The optimisation Eʹ and Cʹ is enabled by data sharing and data analytics. Without standards for digital data sharing about all aspects of transport, such as the status of every container, optimisation is infeasible.
Once a foundation of data sharing standards is established, then data analysts can combine real-time digital data streams and historical databases to apply techniques such as artificial intelligence, machine learning, and digital twins to raise the quality of decision making in the pursuit of higher values for Eʹ and Cʹ.
Maritime and logistics companies are already working on problems such as the optimisation of vessel operations and predictive and prescriptive solutions to various critical aspects of the logistics chain.
The Energy Efficiency Operational Index (EEOI) is a current measure of E’ appropriate for the shipping industry. It refers to GHG emissions per unit of transport work, such as grams of CO2 per ton-mile (gCO2e/tnm).
In practical terms, this KPI recommends that ship operators maximise the number of fully laden holds for the fewest number of legs on each voyage. One could also measure Megajoules per ton-mile, which would measure energy usage directly.
From an operational standpoint, managing to reduce EEOI begins with collecting relevant and accurate data. These data include vessel type, size, its route, reports from the ship, engine/equipment performance, weather conditions along that route, port congestion, availability of berths at each port and, of course, speed and bunker consumption.
Each of these data sets helps to paint a picture of a vessel’s performance while steaming and while conducting activities in a port, which also requires using fuel of some type.
For each of the needed data sets —and there are more—there is some inherent level of inaccuracy, and they are generated or updated at different times and frequency, from real-time to quarterly.
Some data feeds are subject to the availability of the Internet and can, in fact, go missing for days. AI and machine learning can enrich, validate, correct and present data in an actionable way to maritime decision makers. When there are missing entries, machine learning can interpolate based on historical data.
The Maritime Informatics agenda
As an energy and capital-intensive industry, shipping needs to build a digital foundation spanning from data standards to new analytics tools to digital twins that makes effective measurement and management of Eʹ and Cʹ to improve decision quality feasible.
To have some influence over the future, you need to participate in making it. You want to prejudice your future by shaping today’s key decisions.
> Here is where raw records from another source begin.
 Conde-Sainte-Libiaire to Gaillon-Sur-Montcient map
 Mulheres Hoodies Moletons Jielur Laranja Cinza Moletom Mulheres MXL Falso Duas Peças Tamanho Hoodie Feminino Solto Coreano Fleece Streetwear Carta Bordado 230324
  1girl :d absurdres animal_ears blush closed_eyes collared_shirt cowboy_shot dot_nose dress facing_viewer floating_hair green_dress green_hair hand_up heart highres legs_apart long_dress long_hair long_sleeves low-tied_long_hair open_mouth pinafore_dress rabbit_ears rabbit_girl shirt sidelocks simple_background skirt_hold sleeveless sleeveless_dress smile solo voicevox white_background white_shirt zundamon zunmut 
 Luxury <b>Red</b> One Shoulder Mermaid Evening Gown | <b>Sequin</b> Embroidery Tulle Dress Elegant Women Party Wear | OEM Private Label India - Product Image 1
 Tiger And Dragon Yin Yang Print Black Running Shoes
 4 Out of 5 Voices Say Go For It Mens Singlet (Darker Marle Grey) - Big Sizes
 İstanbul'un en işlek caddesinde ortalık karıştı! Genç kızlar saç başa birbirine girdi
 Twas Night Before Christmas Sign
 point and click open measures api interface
Maritime Informatics is an emerging discourse joining practitioners and researchers to explore the opportunities enabled by enhanced digital data sharing, digital collaboration and data analytics to optimise Eʹ and Cʹ. Thus, we argue that a body of industry innovators and scholars need to coalesce around the theme of Maritime Informatics to create an overarching set of forums for addressing the full range of issues relevant to Eʹ and Cʹ.
The captain steers the ships between ports, and Maritime Informatics can chart the industry’s voyage between the present and its digital future.